Data records:
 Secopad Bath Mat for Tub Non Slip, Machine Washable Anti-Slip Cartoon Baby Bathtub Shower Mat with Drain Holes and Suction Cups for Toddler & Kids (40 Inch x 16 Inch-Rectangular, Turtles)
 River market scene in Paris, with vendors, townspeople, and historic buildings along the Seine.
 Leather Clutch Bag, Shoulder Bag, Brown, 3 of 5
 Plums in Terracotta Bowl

==

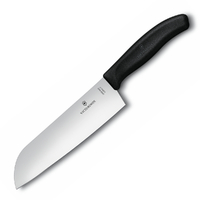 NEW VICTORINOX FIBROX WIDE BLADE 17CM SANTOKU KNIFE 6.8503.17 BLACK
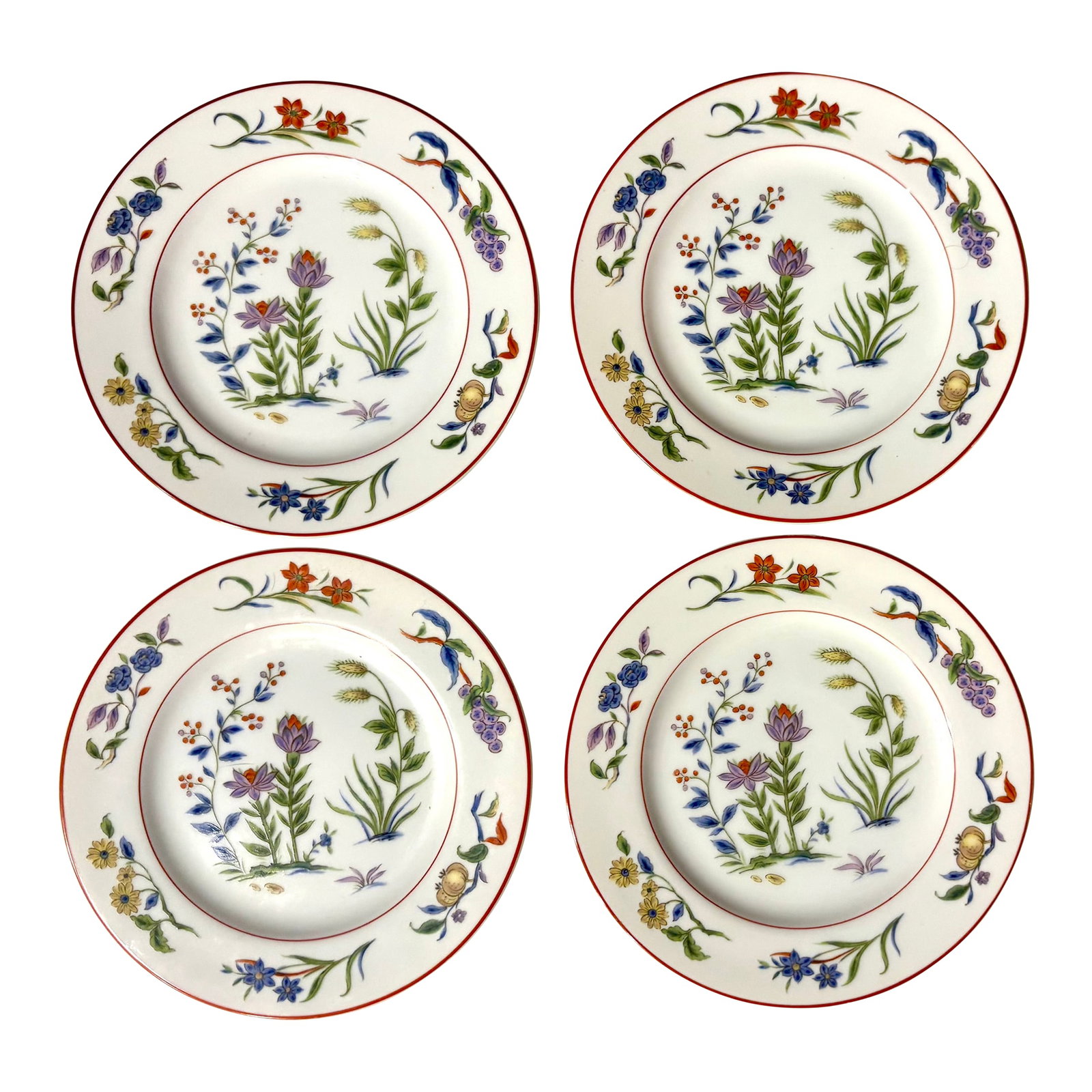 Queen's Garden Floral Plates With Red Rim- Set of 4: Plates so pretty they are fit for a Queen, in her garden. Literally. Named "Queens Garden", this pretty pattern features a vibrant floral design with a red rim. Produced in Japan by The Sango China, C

Assignment:
Scan the listing above for the line that has "River market scene", then copy exactly from that line through the line that has "Plums in Terracotta Bowl".

Written answer:
 River market scene in Paris, with vendors, townspeople, and historic buildings along the Seine.
 Leather Clutch Bag, Shoulder Bag, Brown, 3 of 5
 Plums in Terracotta Bowl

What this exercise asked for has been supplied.